- ENTRIES PROVIDED -
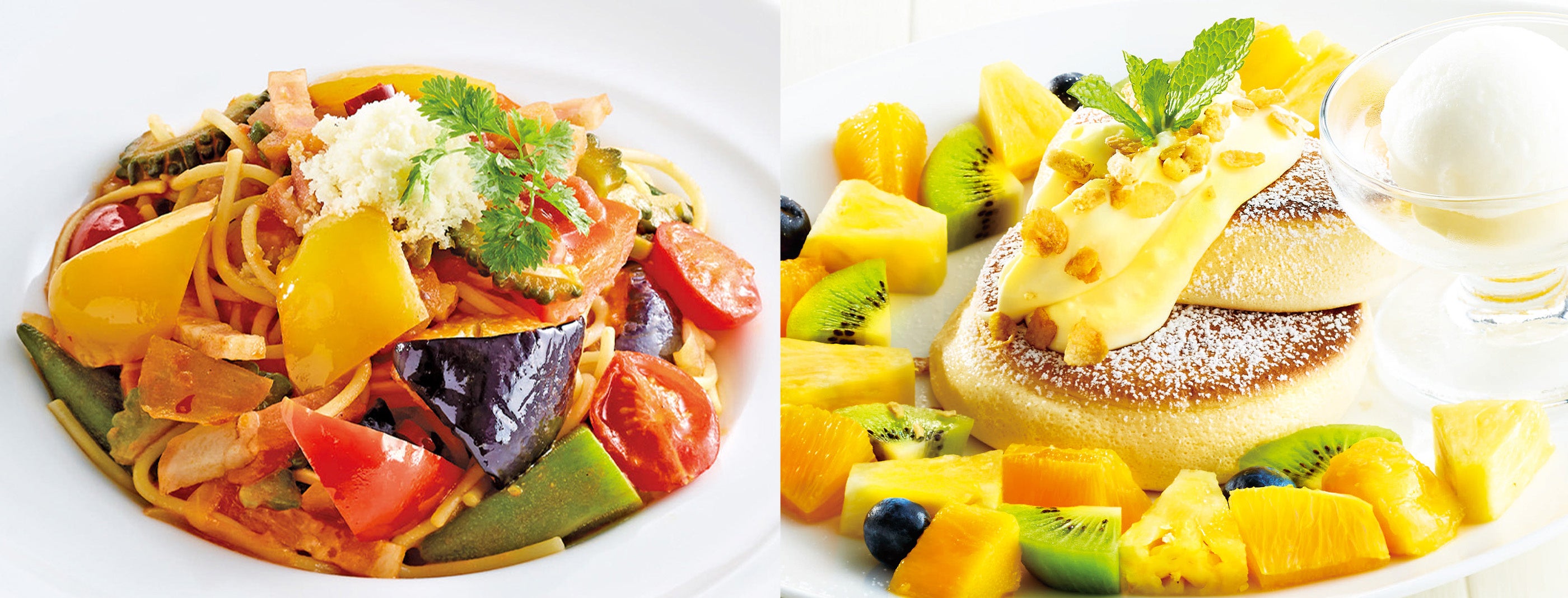 【左】7種夏野菜と厚切りベーコンのアラビアータ【右】瀬戸内レモンクリームパンケーキ～レモンシャーベット添え～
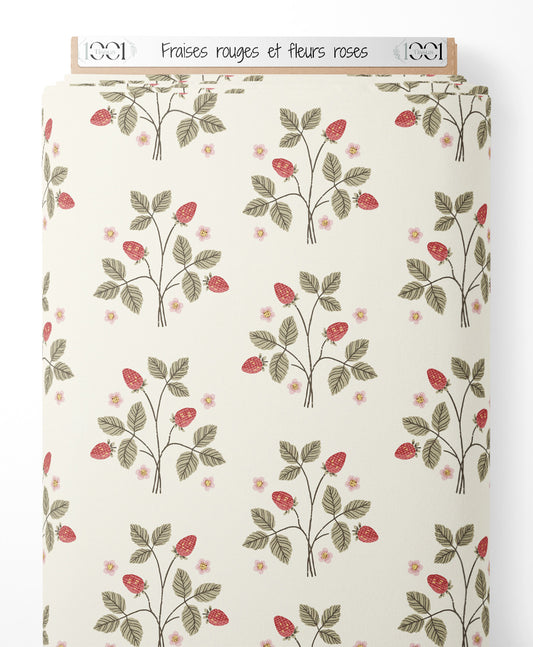 Tissu - Fraises rouges et fleurs roses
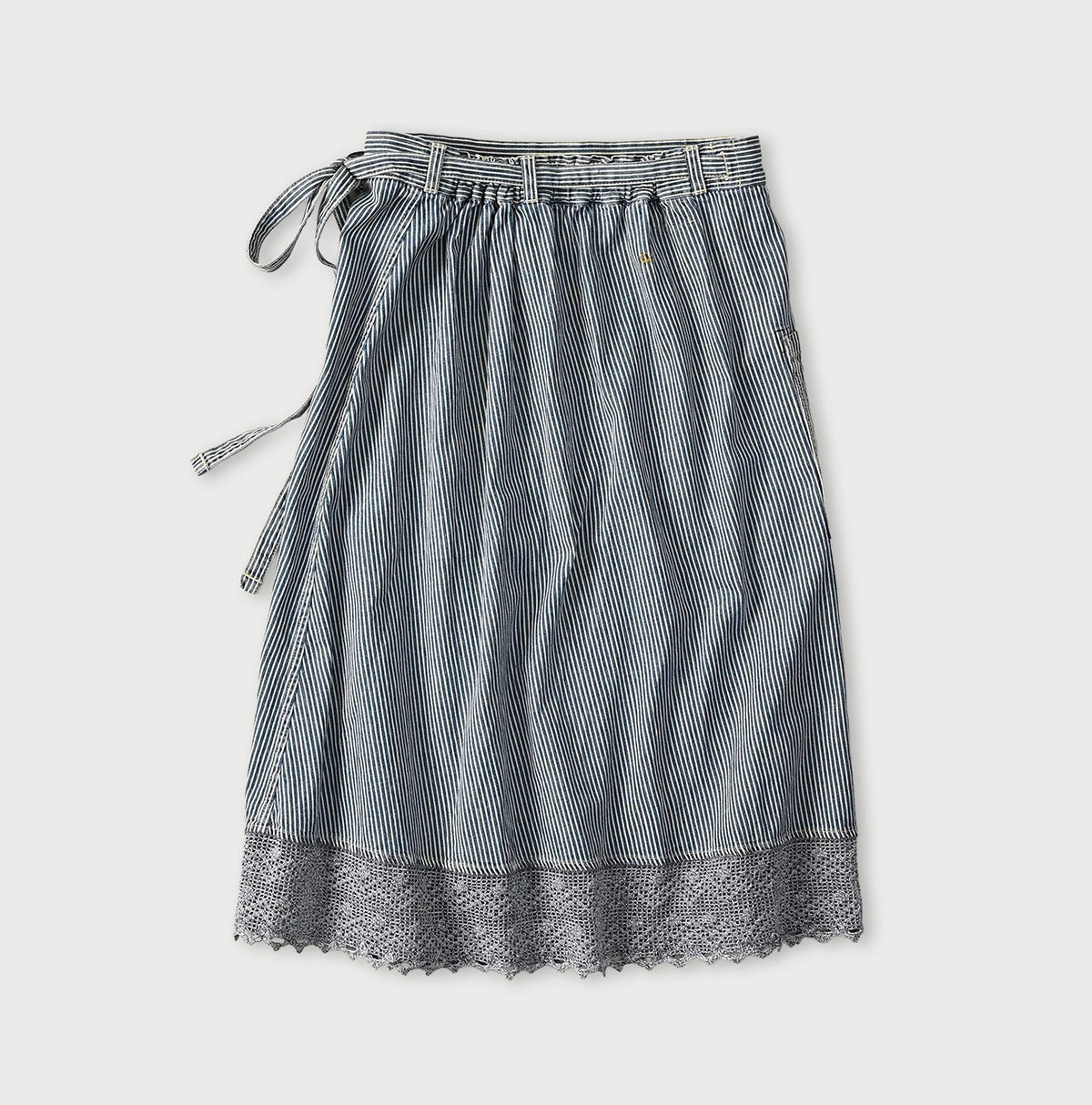 45R Komugi Denim Lace x Wrap Skirt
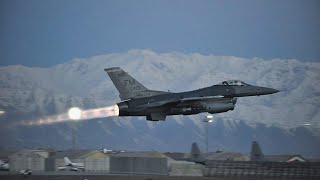 US F-16 Afterburner Takes Off at night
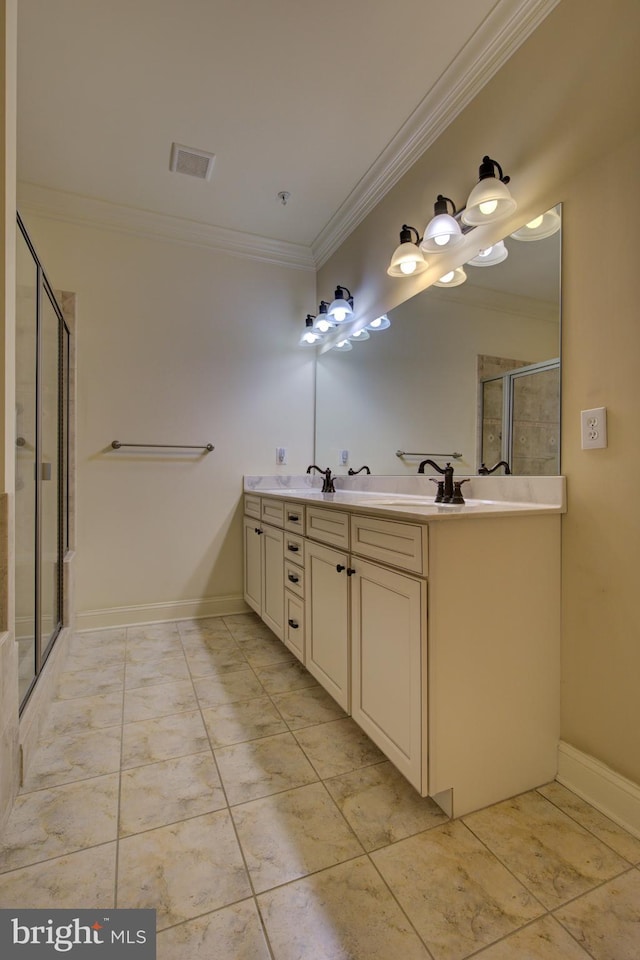 bathroom with ornamental molding, walk in shower, and vanity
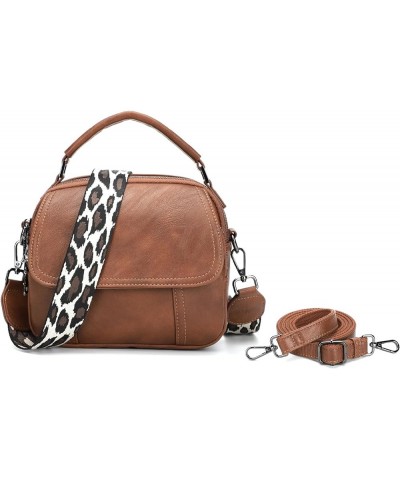 Small Crossbody Bags for Women Trendy Design Crossbody Purse PU Leather Shoulder Handbags with Detachable Strap Brown $19.07 ...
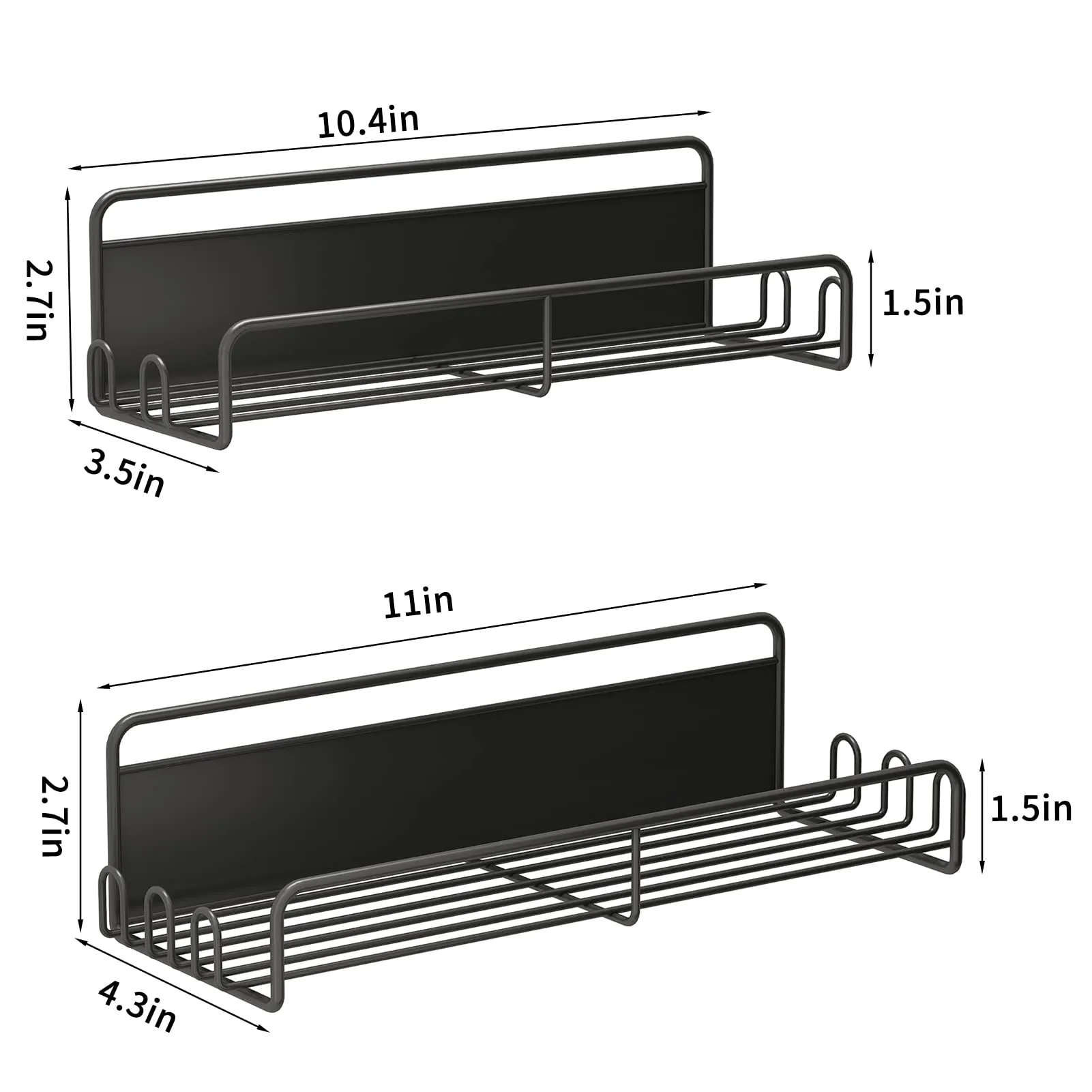 Godboat Magnetic Spice Rack for Refrigerator, 2 Pack Magnetic Spice Rack Organizer with Super Strong Magnetic, Magnetic Shelf Metal Kitchen Organization Spice and Seasoning Organizer, Black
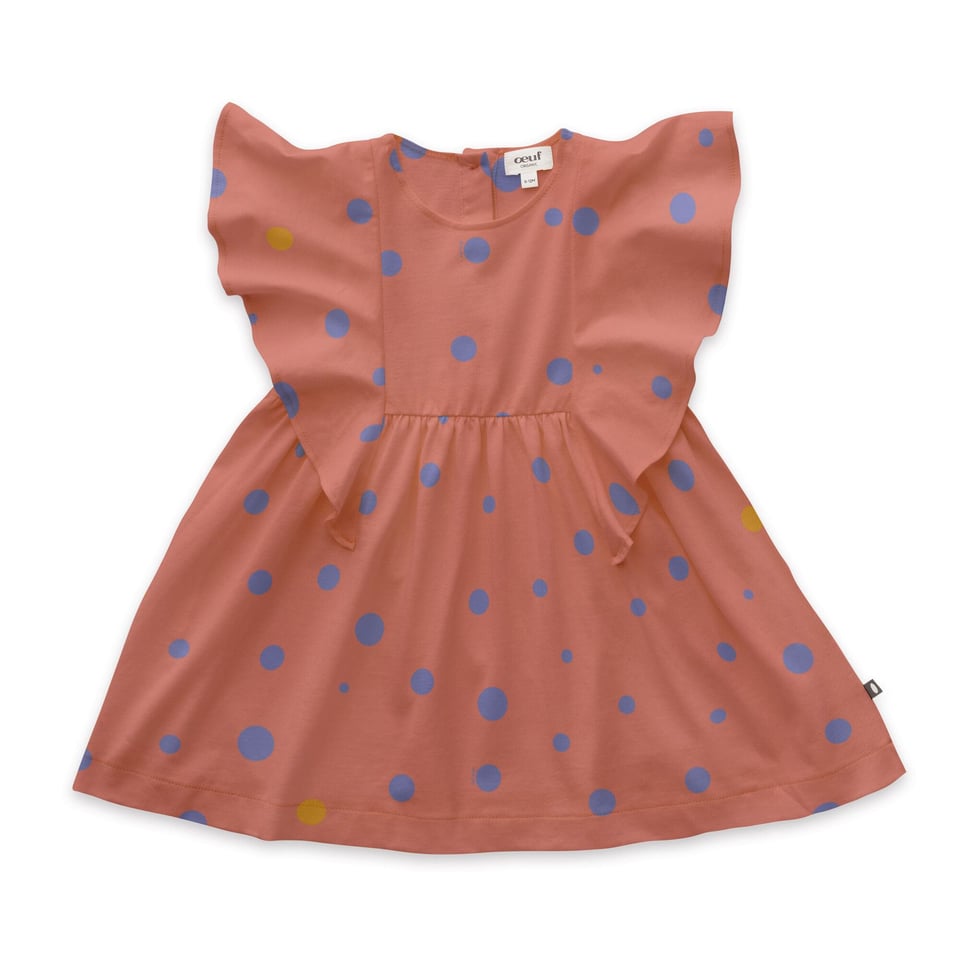 Ruffle Sleeve Dress - Punch Pink/Dots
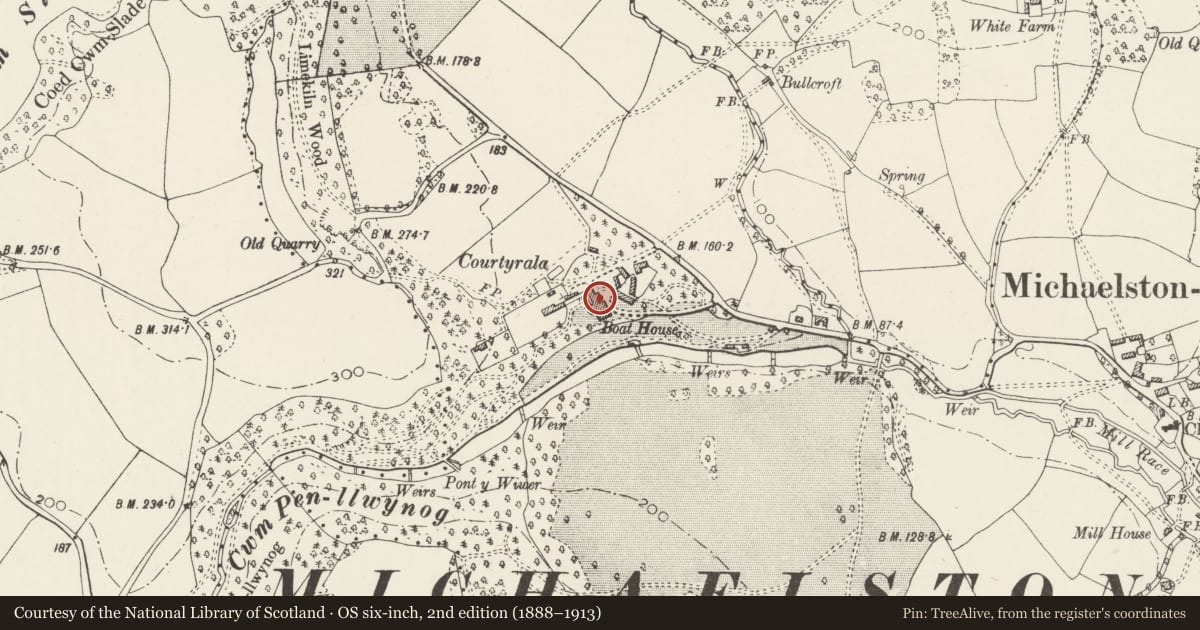 Ordnance Survey six-inch map, 2nd edition (1888–1913) covering the location of Cwrt-yr-Ala House, Michaelston-le-Pit and Leckwith, Vale of Glamorgan, with a pin at the register's coordinates
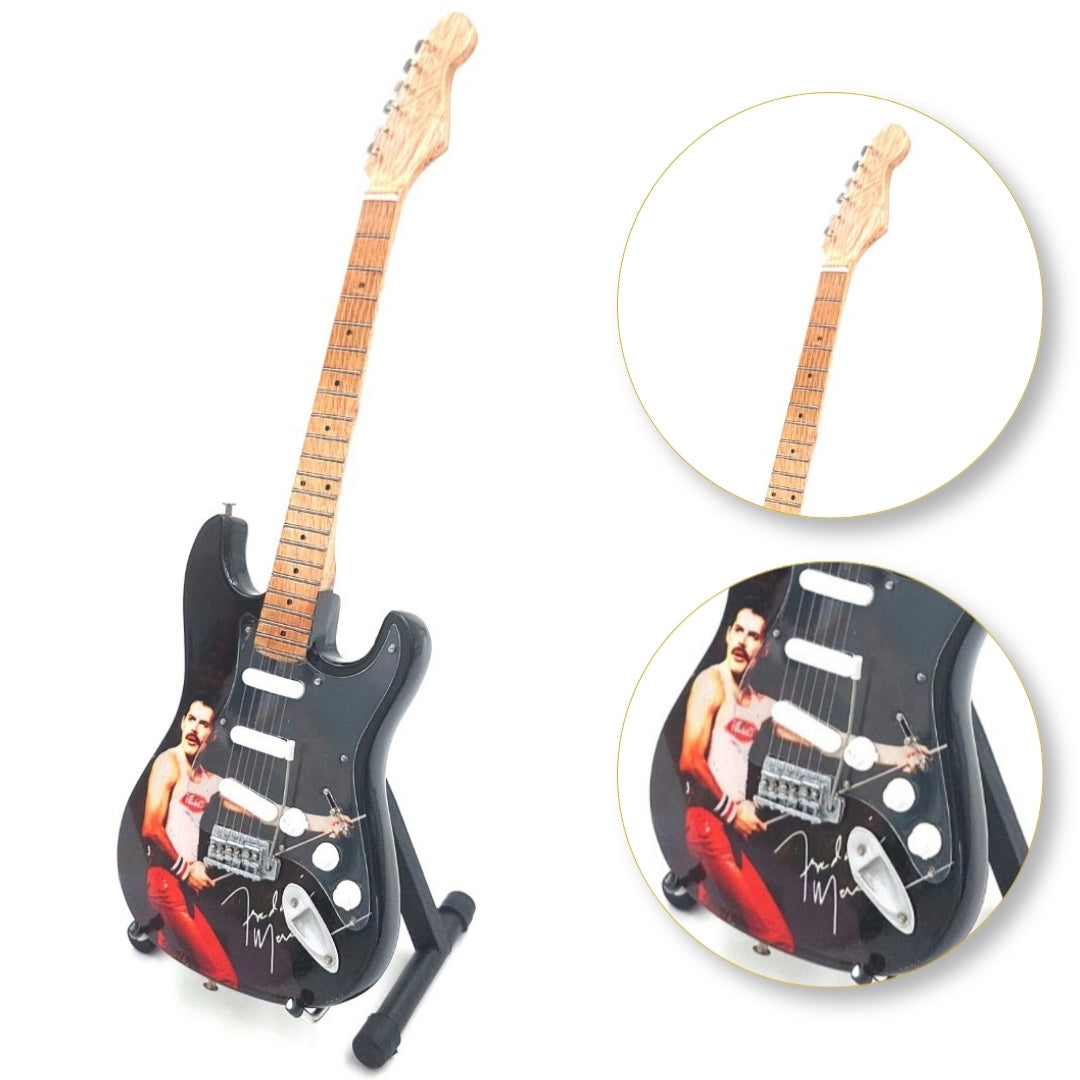 Mini guitarra colecionável Freddie Mercury com gravação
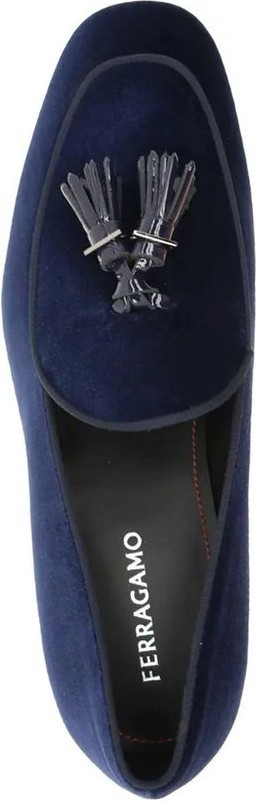 Salvatore Ferragamo ko'k teri slip-on mokasinlari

- TASK GOAL -
The answer should consist solely of the lines from the one containing "Mini guitarra colecionável" through the last line of the material, copied exactly, with pictures left out.

- WRITTEN RESPONSE -
 Mini guitarra colecionável Freddie Mercury com gravação
 Salvatore Ferragamo ko'k teri slip-on mokasinlari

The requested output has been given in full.